En attendant, on peut commencer par la détox à proprement parler


Lorsque, samedi, le gouvernement a annoncé la fermeture des restaurants, j'ai voulu résister. J'ai voulu proposer de la vente à emporter, des plats livrés, à la fois dans une envie de me rendre utile mais aussi pour pérenniser ma boîte.

L'attitude des supposés pros chez un grossiste a fini de m’écœurer. Des gens censés être responsables, qui remplissent le chariot plus que de raison, qui ont vidé les rayons. Certains avec des masques. S'ils sont malades, que faisaient-ils là? S'ils étaient fragiles, que faisaient-ils là?

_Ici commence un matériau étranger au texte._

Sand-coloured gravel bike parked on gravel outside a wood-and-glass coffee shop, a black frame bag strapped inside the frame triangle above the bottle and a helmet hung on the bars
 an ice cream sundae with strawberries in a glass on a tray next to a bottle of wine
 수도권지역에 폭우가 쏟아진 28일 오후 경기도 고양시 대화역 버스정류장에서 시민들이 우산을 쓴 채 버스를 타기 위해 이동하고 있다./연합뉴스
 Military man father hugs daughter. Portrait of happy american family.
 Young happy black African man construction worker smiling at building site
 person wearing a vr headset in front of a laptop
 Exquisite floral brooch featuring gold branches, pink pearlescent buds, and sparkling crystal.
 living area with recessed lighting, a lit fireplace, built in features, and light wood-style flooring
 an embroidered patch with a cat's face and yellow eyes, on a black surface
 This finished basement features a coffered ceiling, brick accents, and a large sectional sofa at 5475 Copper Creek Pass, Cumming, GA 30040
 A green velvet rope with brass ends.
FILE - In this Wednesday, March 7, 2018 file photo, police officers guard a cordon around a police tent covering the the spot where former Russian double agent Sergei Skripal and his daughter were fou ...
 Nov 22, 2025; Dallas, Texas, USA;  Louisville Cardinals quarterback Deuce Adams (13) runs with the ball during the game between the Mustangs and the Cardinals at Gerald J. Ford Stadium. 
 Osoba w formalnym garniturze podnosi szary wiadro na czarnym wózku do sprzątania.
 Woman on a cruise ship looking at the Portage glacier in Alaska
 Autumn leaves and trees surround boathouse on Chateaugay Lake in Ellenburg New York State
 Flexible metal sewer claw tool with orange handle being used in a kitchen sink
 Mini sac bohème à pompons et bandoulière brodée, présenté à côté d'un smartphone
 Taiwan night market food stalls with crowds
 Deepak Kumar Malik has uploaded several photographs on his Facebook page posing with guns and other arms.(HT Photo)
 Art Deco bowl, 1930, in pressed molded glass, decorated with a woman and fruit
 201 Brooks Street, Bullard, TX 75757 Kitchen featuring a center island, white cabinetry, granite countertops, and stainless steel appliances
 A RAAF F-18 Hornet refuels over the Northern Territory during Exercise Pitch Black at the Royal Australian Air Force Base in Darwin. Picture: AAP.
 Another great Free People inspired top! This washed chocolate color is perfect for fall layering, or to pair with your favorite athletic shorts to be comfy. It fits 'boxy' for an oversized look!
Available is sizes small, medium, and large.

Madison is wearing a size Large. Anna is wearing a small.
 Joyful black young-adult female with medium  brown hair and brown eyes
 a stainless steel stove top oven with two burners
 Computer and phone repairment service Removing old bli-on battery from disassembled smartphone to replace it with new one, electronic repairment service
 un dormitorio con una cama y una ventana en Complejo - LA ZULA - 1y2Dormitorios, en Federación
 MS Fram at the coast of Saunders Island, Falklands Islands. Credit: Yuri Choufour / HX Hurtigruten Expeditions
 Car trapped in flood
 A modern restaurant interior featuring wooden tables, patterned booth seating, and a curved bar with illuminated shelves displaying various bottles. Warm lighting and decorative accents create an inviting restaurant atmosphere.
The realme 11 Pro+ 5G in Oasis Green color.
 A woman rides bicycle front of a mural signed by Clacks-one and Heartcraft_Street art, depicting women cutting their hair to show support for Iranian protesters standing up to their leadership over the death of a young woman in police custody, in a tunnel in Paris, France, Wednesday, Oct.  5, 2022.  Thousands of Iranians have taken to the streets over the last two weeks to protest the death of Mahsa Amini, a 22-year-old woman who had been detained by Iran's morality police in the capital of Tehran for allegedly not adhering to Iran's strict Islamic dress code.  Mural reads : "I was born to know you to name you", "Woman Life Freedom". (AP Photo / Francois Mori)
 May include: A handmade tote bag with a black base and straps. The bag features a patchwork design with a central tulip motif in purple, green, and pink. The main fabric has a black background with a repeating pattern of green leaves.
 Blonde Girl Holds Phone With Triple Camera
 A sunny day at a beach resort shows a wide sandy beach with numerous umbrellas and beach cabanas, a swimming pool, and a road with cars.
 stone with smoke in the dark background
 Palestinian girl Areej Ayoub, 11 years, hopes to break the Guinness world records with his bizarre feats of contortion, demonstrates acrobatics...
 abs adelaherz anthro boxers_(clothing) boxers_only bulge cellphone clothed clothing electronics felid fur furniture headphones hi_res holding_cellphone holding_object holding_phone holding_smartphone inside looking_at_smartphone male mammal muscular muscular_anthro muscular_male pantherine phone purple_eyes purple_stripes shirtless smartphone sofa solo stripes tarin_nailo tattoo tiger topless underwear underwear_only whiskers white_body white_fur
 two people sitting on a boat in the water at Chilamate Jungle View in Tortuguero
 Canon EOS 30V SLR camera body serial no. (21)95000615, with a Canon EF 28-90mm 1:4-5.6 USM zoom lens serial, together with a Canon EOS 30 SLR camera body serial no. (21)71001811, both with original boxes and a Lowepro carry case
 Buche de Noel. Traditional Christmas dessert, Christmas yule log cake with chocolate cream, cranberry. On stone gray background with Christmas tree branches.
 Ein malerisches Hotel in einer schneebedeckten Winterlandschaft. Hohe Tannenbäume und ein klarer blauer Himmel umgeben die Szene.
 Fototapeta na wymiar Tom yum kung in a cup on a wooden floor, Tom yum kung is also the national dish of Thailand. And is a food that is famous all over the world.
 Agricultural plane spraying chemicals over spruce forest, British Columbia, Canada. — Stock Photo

Pas l'Union Soviétique, non. Métro, lundi matin.


Ce que je vous raconte est tristement banal et je n'ai pas la prétention de vous apprendre quoi que ce soit. Je veux juste partager avec vous l'impuissance et l'espoir mêlés que je ressens. Je dois renoncer à convaincre des personnes égoïstes et individualistes de changer leur comportement. C'est à nous, que l'on considérera sans doute comme des utopistes, d'aller semer notre petite graine, de prendre soin de nous et des autres.

Et, avant même d'évoquer la survie plus large de la planète, ce qui nous est demandé n'est pas méchant. Rester chez soi. Ça va, on a eu des consignes pires dans la vie, non?